Ferdinand GAUTIER (1838-1908)


Gautier, élève de l'Ecole des Mines de Paris
(C) Photo collections ENSMP

Ancien élève de l'Ecole des mines de Paris (promotion 1860). Ingénieur civil des mines.


Publié dans le Bulletin de l'Association des anciens élèves de l'Ecole des Mines de Paris, février 1909.

Notre Association vient de perdre un de ses membres les plus distingués, les plus sympathiques et les plus dévoués : notre excellent camarade Ferdinand Gautier vient de mourir à l'âge de 70 ans, à Constantine où il avait été demander, il y a quatre ans, au climat de l'Algérie, le rétablissement de sa santé.

Dès sa sortie de l'École, en 1863, Gautier fut attaché à la Compagnie des Forges de Terrenoire, d'abord à Bessèges, puis à Terrenoire, où il joua un rôle important dans les découvertes métallurgiques qui rendirent cette usine fameuse à cette époque. Puis il vint à Paris en 1874 et ne quitta cette Compagnie que pour devenir secrétaire du Comité des Forges de France, fonctions qu'il occupa avec distinction pendant quelque temps.
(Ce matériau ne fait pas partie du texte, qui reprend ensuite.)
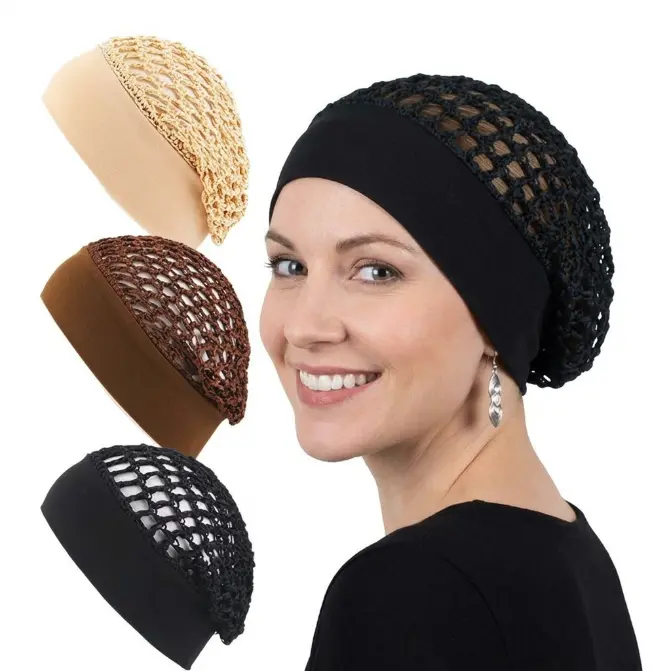 3-Piece Stretchy Wide-Edge Sleeping Cap Set, Soft Protection Bonnet for Nighttime Hair Care & Beauty (Shower Cap for Home Bathroom Use)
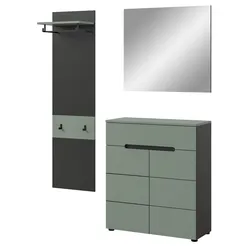 GARDEROBE-SET Salbei und grau, Garderobe 3-teilig, 140 x 190 cm, Soft-Close, Cooper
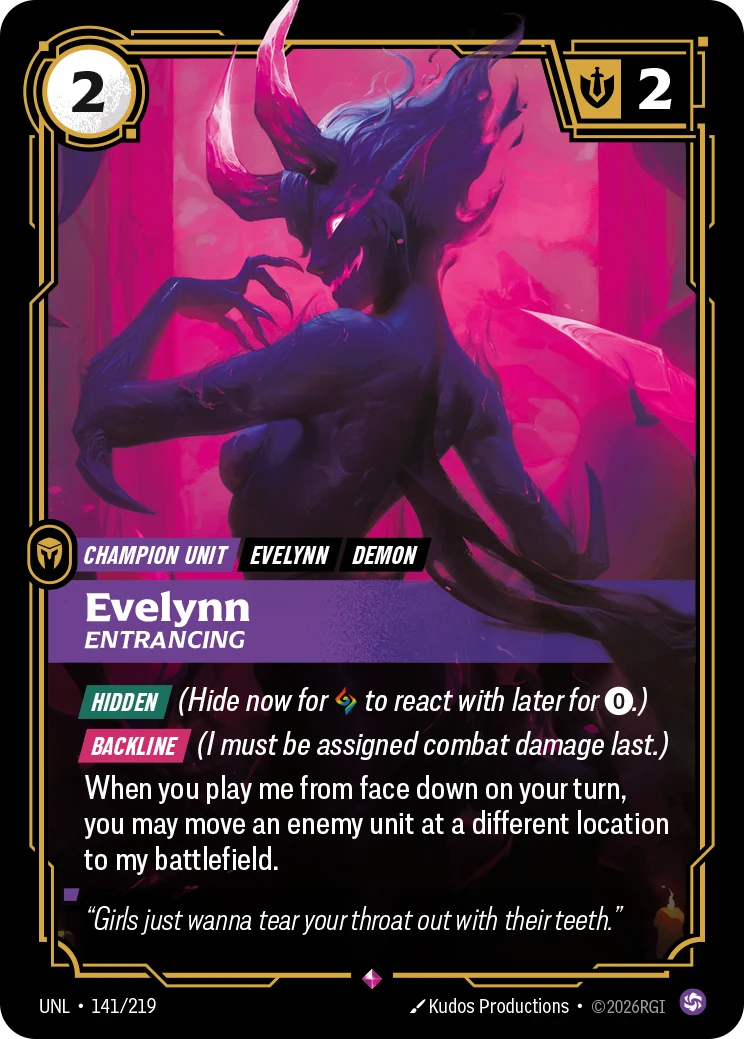 Evelynn - Entrancing — Unleashed #141 (Riftbound card)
Mais cette situation officielle ne suffisant pas à son activité, il reprit son indépendance pour fonder dans le Pays de Galles, dans les usines de la Pyle Works Company limited, à Blaina et à Pyle, la métallurgie du ferro-manganèse, inconnue jusque-là en Angleterre.
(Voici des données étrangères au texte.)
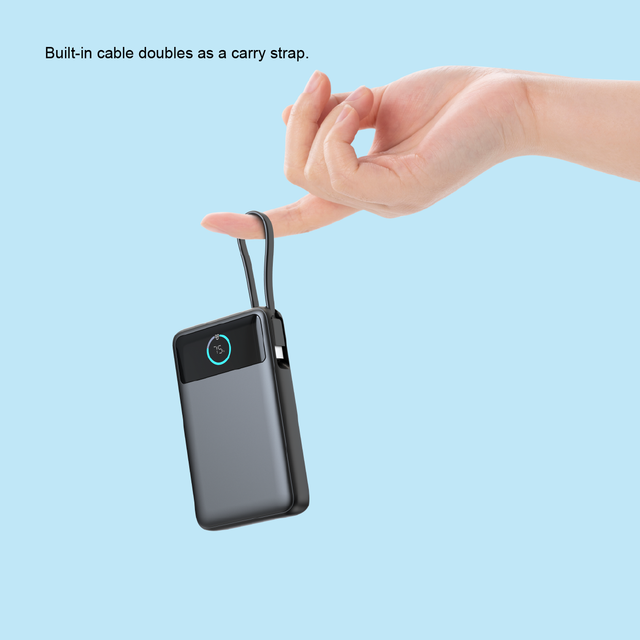 2026 Hot Sale 10000Mah Magnetic Power Bank, 15W Qi2.0 Wireless Charging Portable Charger With Built-In Cable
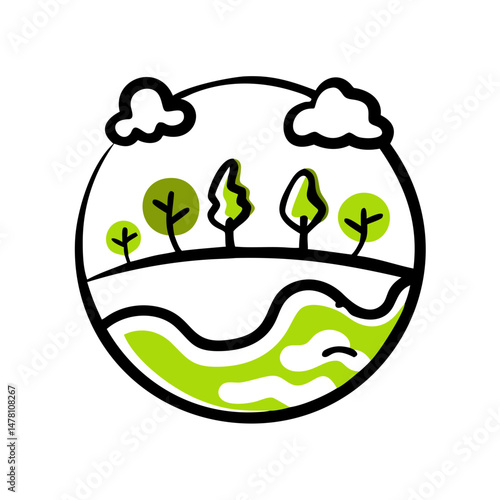 Minimalist illustration of trees and water representing ecology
Pendant ce temps, Gautier ne cessa pas ses travaux, il se livra spécialement à l'étude des perfectionnements qui, depuis quarante ans, ont révolutionné l'industrie du fer et de l'acier, par l'accession dans les alliages du manganèse, du silicium, du chrome, au métal principal auquel ils communiquaient des qualités nouvelles.

De fréquents voyages en Russie, en Suède, en Angleterre, en Allemagne, avaient permis à notre camarade d'étudier sur place les progrès réalisés à l'Étranger dans ces questions. C'est ainsi que, chose rare pour un ingénieur français, il eut l'occasion de visiter l'usine Krupp, peu après la guerre ; il eut la satisfaction de voir alors que l'industrie métallurgique de nos vainqueurs n'était pas supérieure à la nôtre.
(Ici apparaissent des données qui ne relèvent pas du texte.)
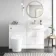 Harper Gloss White Combination Vanity Basin and Tucson Toilet 1200mm - Brushed Brass Accents - Right Handed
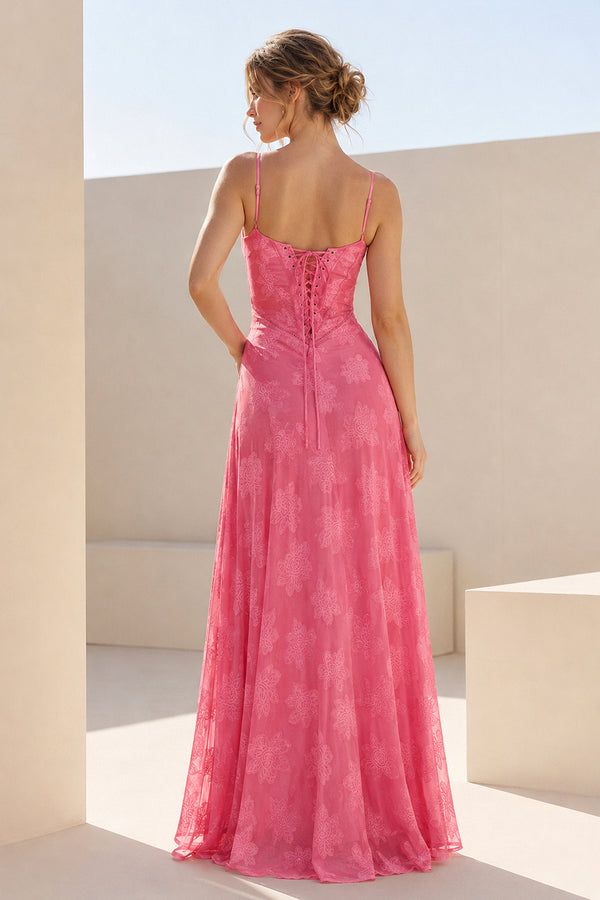 Hot Pink Sheath Satin Floral Spaghetti Straps Long Prom Dresses – Prom Dresses by KissProm | Available at KissProm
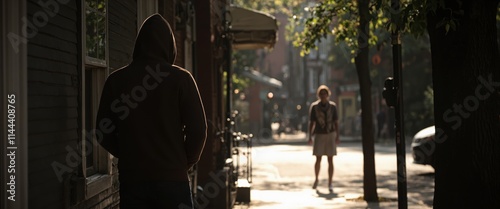 Hooded figure hiding in shadow near a brick wall while a woman walks down a sunny street. Dramatic urban scene depicting stalking awareness. Advocacy concept for National Stalking Awareness Month.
Il a publié, outre un grand nombre d'articles très remarqués, divers opuscules sur ces nouveaux alliages, et on se souvient du rapport très intéressant qu'il rédigea, avec une compétence indiscutée, sur l'industrie du fer et de l'acier à l'Exposition de Dusseldorf.

En 1891, Gautier partit pour le Brésil, où, après avoir inspecté diverses usines de l'État de Sao Paulo, il dirigea, d'abord à Rio de Janeiro, la Compania Industriel, puis à Esperança (État de Minas Geraes), les hauts fourneaux de la Compania Forjas e Estaleiras.

Après trois ans de séjour dans ce pays, notre camarade se rendit au Chili et en Bolivie. Il en visita les principales mines d'or, d'argent, de cuivre, d'étain, etc.. Il fit sur la géologie de ces pays, sur leur développement industriel et sur leur avenir économique, des études consciencieusement documentées, dont quelques articles ont paru dans nos bulletins, et qui se trouvent réunies et exposées d'une façon remarquable dans son livre Chili et Bolivie, publié en 1906.

C'est pendant son séjour au Chili qu'il fut amené par ses études Sur les petits métaux (l'or, l'argent, le cuivre, l'étain, etc.), à connaître l'existence d'un nouveau procédé métallurgique qu'un Anglais, M. W. L. Austin, venait d'inventer aux États-Unis et qui est connu sous le nom de « pyritic smelting ».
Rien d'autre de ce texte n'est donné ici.